Pour la première fois depuis le début de la pandémie, la Fed va réduire son programme de stimulation . 

Jim Bianco, fondateur de Bianco Research, explique ce que signifie le Tapering pour les investisseurs, pourquoi la Fed est susceptible de sous-estimer l’inflation et pourquoi il s’attend à ce que le système financier subisse une révolution technologique.

Le compte à rebours est lancé. Lors de sa prochaine réunion du 3 novembre, la Réserve fédérale donnera très probablement son feu vert à la réduction de ses achats d’actifs. Ce sera la première fois depuis le début de la pandémie que la banque centrale la plus puissante du monde tentera de réduire son programme de relance gargantuesque.

Qu’est-ce que cela signifie pour les investisseurs? «La Fed fait preuve de beaucoup plus de flexibilité, et le marché attend d’elle cette flexibilité», déclare Jim Bianco. Par conséquent, le fondateur et stratège en chef de Bianco Research, basé à Chicago, ne s’attend pas à un resserrement automatique, pré-defini de la politique monétaire, comme ce fut le cas lors du dernier cycle, qui a ce qui avait entraîné de graves secousses fin 2018.

Néanmoins, Bianco voit des risques considérables. 

La raison principale est que les taux d’inflation resteront élevés l’année prochaine. Ainsi, la Fed pourrait être contrainte de resserrer ses taux d’intérêt beaucoup plus tôt que prévu.

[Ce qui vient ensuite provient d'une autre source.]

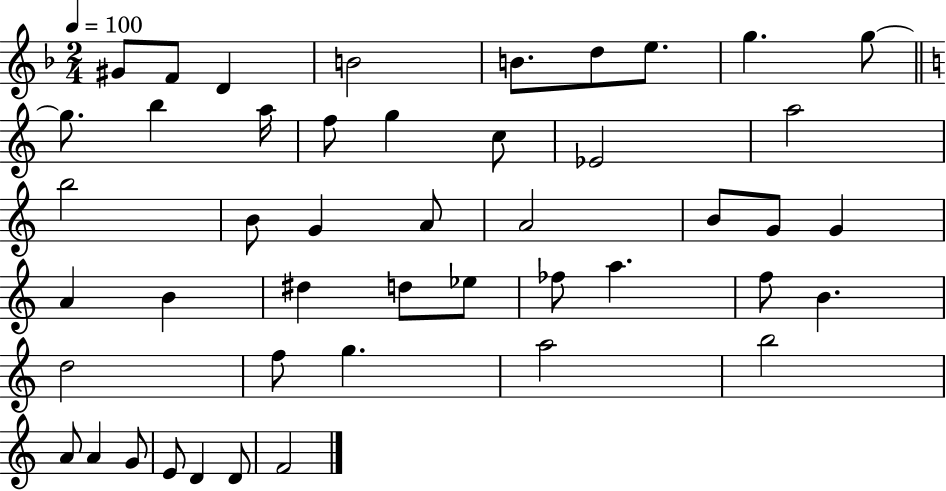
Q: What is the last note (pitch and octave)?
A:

Dans cet entretien approfondi avec The Market/NZZ, -qui a été édité et condensé pour plus de clarté-, l’influent stratège de marché évoque la lutte à Washington pour un nouveau plan de relance et les conséquences du ralentissement économique en Chine. Il explique également pourquoi il conseille d’investir dans des valeurs de croissance dans un environnement inflationniste et pourquoi les innovations fintech et blockchain pourraient déclencher une nouvelle révolution similaire à l’émergence d’Internet au début des années 90.

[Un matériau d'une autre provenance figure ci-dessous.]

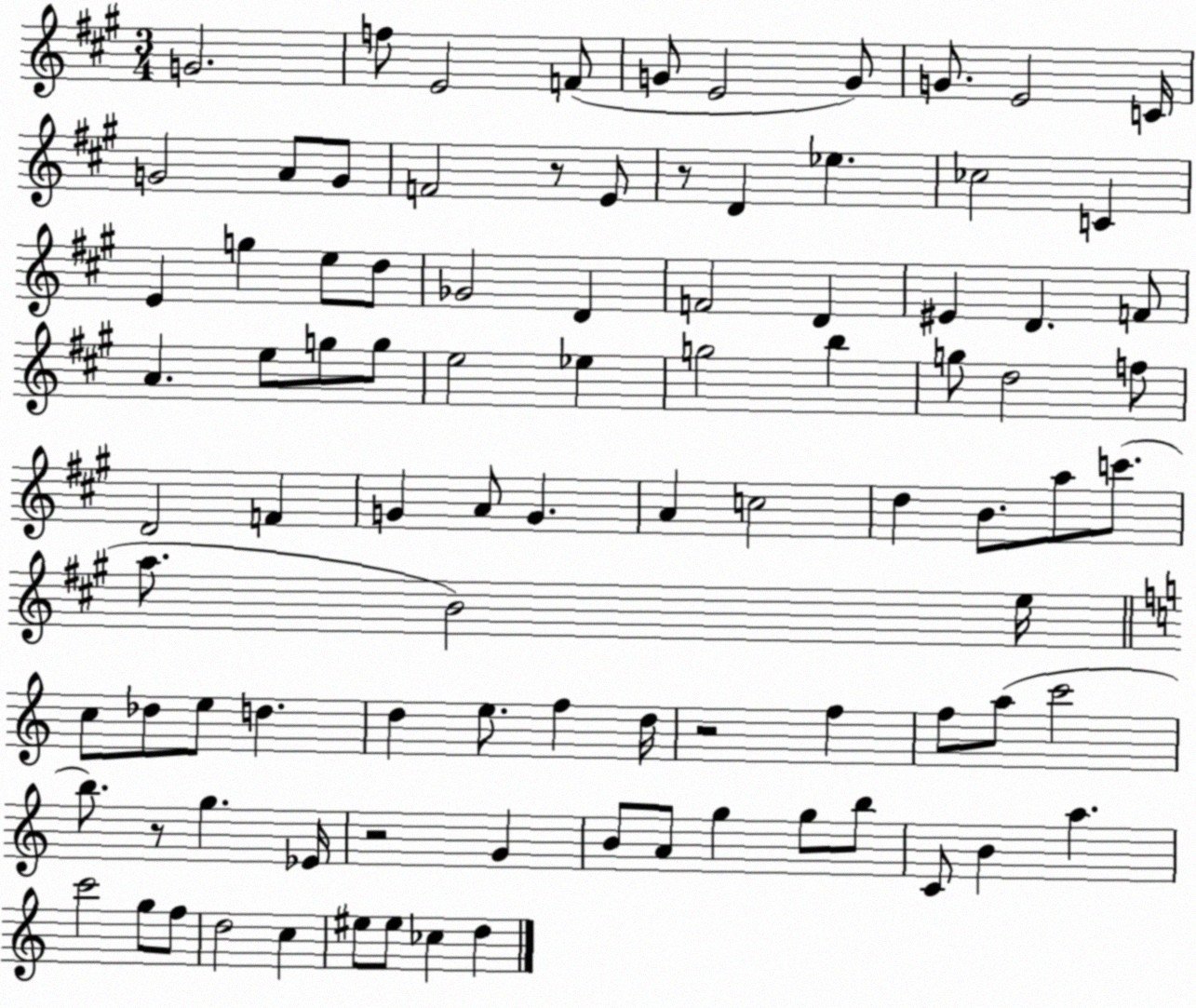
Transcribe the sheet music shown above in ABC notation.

La bourse s’est rapidement remise de sa consolidation récente . Aux États-Unis, le S&P 500 a clôturé jeudi à un nouveau record. Comment évaluez-vous les perspectives des investisseurs ?

En règle générale, vous avez deux corrections de 5 % par an. Nous en avons eu une en mars, et nous venons d’en avoir une autre maintenant. Jusqu’à présent, même des reculs mineurs ont été un signal pour les opérateurs d’acheter à la baisse. Il semble que cette baisse, ait été de très courte durée. À cet égard, si vous le regardez techniquement, le marché n’a rien fait, de préoccupant.

Cela signifie-t-il que les investisseurs peuvent s’asseoir tranquillement et attendre à d’autres gains ?

Il y a un phénomène plus inquiétant, c’est celui de l’inflation : le débat sur le caractère « transitoire » ou non commence à devenir plus persistant. Comme nous l’avons vu avec les données de l’indice des prix la semaine dernière, le taux d’inflation actuel d’une année sur l’autre est de 5,4 % pour le chiffre global et de 4 % sur le chiffre de base (core). C’est élevé.  Cependant, les composantes plus persistantes de non-réouverture et acycliques continuent d’évoluer à la hausse. Par exemple, les loyers équivalent des propriétaires viennent d’enregistrer leur plus gros gain mensuel depuis juin 2006. Cela conduit à l’idée que l’année prochaine, le taux d’inflation pourrait ne pas descendre et rester trop élevé pour la Fed.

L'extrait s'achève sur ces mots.